--- START ---
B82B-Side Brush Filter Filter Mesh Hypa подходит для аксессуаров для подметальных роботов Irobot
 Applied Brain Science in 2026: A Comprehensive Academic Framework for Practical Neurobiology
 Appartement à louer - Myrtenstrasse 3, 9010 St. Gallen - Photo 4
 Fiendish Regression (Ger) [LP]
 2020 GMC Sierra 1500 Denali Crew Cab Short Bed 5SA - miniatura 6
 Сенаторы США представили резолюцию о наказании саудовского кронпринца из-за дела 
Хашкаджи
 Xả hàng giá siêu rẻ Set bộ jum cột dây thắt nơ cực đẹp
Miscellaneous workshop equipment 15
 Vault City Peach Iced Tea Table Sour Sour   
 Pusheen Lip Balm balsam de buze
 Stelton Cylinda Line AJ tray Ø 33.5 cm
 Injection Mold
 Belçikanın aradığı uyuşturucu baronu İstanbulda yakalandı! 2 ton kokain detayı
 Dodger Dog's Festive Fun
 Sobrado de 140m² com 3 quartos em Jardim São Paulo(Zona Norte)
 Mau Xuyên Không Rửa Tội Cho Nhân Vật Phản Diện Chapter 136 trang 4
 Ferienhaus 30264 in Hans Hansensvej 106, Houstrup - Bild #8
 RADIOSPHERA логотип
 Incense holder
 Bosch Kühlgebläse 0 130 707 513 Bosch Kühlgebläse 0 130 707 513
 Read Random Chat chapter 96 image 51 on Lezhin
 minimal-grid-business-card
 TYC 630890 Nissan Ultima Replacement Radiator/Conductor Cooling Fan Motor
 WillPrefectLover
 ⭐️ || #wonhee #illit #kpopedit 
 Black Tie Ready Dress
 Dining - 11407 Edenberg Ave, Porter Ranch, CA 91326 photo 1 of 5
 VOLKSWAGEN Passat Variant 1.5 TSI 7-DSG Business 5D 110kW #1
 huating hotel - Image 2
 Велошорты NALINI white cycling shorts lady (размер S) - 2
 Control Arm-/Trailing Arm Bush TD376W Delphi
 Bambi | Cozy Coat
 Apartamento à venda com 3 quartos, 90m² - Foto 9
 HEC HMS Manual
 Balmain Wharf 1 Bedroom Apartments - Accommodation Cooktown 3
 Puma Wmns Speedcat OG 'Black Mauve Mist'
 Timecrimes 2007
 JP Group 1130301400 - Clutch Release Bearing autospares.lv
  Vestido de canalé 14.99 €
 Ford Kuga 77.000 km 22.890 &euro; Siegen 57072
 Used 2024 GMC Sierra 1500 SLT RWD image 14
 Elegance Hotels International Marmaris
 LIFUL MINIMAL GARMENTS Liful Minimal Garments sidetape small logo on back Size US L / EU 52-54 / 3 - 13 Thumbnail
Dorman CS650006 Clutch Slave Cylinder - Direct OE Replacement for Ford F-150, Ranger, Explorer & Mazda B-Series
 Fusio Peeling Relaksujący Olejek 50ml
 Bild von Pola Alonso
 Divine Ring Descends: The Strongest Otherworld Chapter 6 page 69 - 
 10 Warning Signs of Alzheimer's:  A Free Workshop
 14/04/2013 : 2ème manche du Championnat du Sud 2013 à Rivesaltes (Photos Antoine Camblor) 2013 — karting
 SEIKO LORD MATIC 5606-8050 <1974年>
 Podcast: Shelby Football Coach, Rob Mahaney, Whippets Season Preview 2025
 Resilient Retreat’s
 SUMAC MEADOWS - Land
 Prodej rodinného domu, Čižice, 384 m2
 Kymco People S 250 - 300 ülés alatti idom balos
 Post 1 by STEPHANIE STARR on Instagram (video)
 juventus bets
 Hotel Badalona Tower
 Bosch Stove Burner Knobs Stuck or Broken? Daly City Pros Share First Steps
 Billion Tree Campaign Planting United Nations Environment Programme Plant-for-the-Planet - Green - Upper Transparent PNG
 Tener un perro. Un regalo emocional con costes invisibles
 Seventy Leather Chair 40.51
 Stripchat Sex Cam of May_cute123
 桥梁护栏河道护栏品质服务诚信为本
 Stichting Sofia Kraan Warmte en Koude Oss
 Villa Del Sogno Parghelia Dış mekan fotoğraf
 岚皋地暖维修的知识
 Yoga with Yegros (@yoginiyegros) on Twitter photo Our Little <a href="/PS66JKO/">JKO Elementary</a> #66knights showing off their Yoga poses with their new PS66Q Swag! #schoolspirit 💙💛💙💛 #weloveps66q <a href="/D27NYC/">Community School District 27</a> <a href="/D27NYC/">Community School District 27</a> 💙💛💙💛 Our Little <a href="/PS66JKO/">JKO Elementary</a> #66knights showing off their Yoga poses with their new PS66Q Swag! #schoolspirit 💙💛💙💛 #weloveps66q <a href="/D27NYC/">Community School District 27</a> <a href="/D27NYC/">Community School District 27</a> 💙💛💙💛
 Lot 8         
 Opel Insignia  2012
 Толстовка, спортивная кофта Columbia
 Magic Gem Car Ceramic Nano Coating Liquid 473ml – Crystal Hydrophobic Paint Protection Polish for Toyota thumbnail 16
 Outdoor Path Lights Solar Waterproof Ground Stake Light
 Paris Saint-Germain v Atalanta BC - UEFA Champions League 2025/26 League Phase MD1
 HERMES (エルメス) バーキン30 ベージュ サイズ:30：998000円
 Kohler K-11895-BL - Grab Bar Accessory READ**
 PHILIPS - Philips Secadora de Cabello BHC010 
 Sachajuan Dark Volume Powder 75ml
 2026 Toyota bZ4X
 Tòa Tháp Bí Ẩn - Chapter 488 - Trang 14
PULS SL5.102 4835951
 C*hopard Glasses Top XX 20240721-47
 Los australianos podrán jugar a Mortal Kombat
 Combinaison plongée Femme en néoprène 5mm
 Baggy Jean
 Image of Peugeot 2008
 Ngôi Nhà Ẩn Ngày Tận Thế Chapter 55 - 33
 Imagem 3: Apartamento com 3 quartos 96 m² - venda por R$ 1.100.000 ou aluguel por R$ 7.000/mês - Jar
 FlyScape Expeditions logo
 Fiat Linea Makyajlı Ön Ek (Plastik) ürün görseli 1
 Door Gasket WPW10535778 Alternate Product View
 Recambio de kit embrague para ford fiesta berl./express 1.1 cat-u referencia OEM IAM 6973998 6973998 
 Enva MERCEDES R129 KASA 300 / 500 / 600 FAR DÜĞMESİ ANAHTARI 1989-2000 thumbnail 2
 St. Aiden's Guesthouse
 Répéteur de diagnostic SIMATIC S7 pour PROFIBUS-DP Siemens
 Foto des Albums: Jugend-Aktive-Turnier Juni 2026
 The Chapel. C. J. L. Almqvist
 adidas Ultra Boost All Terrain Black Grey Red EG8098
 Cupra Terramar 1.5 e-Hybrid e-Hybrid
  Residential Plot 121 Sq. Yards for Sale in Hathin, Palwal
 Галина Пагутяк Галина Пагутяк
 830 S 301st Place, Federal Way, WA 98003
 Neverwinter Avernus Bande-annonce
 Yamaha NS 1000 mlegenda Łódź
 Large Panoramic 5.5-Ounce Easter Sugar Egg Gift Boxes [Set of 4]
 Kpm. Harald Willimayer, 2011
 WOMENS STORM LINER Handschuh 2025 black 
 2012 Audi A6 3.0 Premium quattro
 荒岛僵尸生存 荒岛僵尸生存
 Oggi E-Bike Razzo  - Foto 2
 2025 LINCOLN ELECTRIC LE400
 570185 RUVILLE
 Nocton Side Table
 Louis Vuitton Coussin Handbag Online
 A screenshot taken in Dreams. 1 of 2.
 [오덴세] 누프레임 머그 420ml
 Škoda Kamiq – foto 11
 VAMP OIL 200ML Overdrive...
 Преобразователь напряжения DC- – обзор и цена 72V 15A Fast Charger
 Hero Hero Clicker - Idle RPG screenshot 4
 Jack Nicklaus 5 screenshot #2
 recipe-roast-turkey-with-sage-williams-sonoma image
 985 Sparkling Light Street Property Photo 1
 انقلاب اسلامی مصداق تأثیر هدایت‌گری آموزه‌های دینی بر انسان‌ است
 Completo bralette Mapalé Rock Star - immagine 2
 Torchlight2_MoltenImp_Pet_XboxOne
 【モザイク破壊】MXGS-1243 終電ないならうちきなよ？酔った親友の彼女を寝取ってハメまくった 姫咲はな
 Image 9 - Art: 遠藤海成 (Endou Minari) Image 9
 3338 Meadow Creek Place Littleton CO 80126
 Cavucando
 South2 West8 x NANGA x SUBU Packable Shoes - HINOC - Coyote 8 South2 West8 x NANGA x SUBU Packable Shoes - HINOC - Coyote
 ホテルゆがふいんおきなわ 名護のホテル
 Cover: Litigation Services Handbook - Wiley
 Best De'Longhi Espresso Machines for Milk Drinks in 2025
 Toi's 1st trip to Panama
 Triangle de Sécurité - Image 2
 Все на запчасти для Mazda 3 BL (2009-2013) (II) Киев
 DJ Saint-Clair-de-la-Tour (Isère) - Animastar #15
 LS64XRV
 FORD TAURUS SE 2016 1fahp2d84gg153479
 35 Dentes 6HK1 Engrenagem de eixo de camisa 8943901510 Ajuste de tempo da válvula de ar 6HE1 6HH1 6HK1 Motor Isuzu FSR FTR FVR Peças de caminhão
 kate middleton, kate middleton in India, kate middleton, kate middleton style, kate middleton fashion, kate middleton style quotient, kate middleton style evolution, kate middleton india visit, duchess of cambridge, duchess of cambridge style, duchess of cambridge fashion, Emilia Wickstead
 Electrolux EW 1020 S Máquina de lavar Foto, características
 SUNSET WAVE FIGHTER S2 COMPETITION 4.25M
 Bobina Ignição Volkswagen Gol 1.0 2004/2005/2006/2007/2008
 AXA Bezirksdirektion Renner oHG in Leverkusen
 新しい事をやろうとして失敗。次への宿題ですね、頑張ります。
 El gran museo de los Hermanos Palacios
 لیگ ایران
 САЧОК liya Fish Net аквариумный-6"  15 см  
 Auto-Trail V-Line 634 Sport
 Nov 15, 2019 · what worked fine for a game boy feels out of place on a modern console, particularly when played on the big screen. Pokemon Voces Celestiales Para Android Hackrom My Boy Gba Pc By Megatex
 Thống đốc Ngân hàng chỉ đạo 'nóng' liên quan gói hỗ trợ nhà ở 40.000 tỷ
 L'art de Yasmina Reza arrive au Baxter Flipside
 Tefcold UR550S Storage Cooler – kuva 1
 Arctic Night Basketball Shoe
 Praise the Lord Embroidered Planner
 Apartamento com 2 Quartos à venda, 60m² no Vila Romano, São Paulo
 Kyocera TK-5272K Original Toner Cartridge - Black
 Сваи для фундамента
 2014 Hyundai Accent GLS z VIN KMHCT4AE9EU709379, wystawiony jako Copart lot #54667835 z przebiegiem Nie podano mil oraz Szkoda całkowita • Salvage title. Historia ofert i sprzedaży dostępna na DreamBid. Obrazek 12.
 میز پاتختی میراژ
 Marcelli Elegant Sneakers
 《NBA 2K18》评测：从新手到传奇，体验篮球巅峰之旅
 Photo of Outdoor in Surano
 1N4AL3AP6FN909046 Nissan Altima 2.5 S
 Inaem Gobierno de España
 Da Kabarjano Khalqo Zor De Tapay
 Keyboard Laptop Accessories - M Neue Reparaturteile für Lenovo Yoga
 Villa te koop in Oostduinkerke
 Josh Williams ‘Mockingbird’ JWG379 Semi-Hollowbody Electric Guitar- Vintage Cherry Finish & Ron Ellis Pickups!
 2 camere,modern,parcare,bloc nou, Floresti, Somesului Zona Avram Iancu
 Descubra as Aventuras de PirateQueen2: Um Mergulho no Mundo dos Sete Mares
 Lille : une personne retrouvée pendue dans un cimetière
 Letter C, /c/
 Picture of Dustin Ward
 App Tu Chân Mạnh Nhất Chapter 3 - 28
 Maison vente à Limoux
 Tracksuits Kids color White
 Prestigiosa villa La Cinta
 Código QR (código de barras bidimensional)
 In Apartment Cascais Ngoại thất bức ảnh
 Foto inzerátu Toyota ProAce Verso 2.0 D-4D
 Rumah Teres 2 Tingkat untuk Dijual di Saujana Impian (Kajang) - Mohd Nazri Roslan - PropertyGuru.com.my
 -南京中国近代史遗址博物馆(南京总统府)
--- END ---
> **Your goal**:
All that is wanted is a faithful reproduction of the line above with "Jack Nicklaus 5 screenshot #2", the line with "35 Dentes 6HK1", and every line in between.

> **Worked solution**:
 Jack Nicklaus 5 screenshot #2
 recipe-roast-turkey-with-sage-williams-sonoma image
 985 Sparkling Light Street Property Photo 1
 انقلاب اسلامی مصداق تأثیر هدایت‌گری آموزه‌های دینی بر انسان‌ است
 Completo bralette Mapalé Rock Star - immagine 2
 Torchlight2_MoltenImp_Pet_XboxOne
 【モザイク破壊】MXGS-1243 終電ないならうちきなよ？酔った親友の彼女を寝取ってハメまくった 姫咲はな
 Image 9 - Art: 遠藤海成 (Endou Minari) Image 9
 3338 Meadow Creek Place Littleton CO 80126
 Cavucando
 South2 West8 x NANGA x SUBU Packable Shoes - HINOC - Coyote 8 South2 West8 x NANGA x SUBU Packable Shoes - HINOC - Coyote
 ホテルゆがふいんおきなわ 名護のホテル
 Cover: Litigation Services Handbook - Wiley
 Best De'Longhi Espresso Machines for Milk Drinks in 2025
 Toi's 1st trip to Panama
 Triangle de Sécurité - Image 2
 Все на запчасти для Mazda 3 BL (2009-2013) (II) Киев
 DJ Saint-Clair-de-la-Tour (Isère) - Animastar #15
 LS64XRV
 FORD TAURUS SE 2016 1fahp2d84gg153479
 35 Dentes 6HK1 Engrenagem de eixo de camisa 8943901510 Ajuste de tempo da válvula de ar 6HE1 6HH1 6HK1 Motor Isuzu FSR FTR FVR Peças de caminhão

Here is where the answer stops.